Milton Nascimento e Fernando Brant, em Canção da América, ainda hoje fazem chorar e arrepiar quem conserva empatia e alguma capacidade de sentir. Não é pouco. A música também nos devolve a um momento histórico duro e simbólico, a partida de Tancredo Neves, presidente eleito que não tomou posse, em meio a um país que clamava pela abertura democrática e por um futuro menos sufocado.
Canção da América tornou-se um hino silencioso à amizade que resiste ao tempo e à distância, à presença que permanece mesmo quando o corpo falta. Fala de memória, afeto, lealdade e encontro. Coisas simples, profundas e aparentemente perigosas para certos tempos.
Pois bem.
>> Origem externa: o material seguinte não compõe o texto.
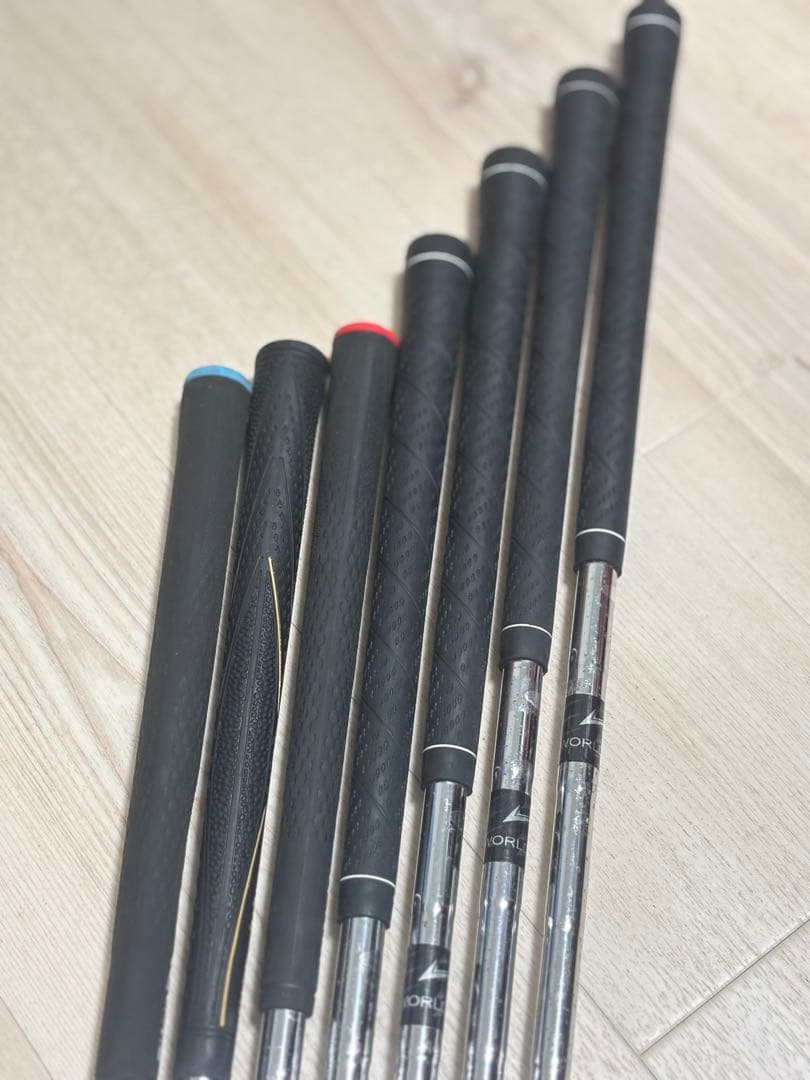 【◎送料無料】 ルコック 他　ゴルフクラブセット 9本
Recentemente, numa peça publicitária riquíssima, a atriz Fernanda Torres, convidada pelas chinelas Havaianas, sugeriu que o ano não fosse iniciado com o “pé direito”, mas com os “dois pés”. Um texto elegante, humano e simbólico.
Bastou isso para que o fanatismo religioso somado ao analfabetismo político instalado no Brasil pós-Bolsonaro enxergasse ali um ataque mortal aos seus interesses ideológicos.
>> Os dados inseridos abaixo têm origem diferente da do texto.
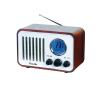 Radioodbiornik M-Audio LM-22 (cherry)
Sem explicar aos seguidores o que é direita ou esquerda, promoveu-se um levante digital. Pessoas de todo o país foram chamadas a queimar as chinelas. Afinal, a marca agora seria “comunista”, igualmente a atriz. A lógica morreu antes do primeiro par ser jogado na fogueira.
Esses vigilantes da insanidade esqueceram apenas de um detalhe incômodo. As Havaianas pertencem às Alpargatas, que pertence ao Banco Itaú. Fica a pergunta que ninguém ousa responder. O Itaú também virou comunista ou só quando convém?
Beira o ridículo.
Diante disso, resta imaginar o próximo passo. Boicotar Canção da América e seu intérprete. Afinal, em um verso famoso, a música afirma “que o amigo se guarda do lado esquerdo do peito”. Pronto. Está decretado. A anatomia humana agora também é ideológica.
É muita loucura. Muito barulho. Muitos delírios. E, como de costume, ações concretas que é bom para o povo, NADA.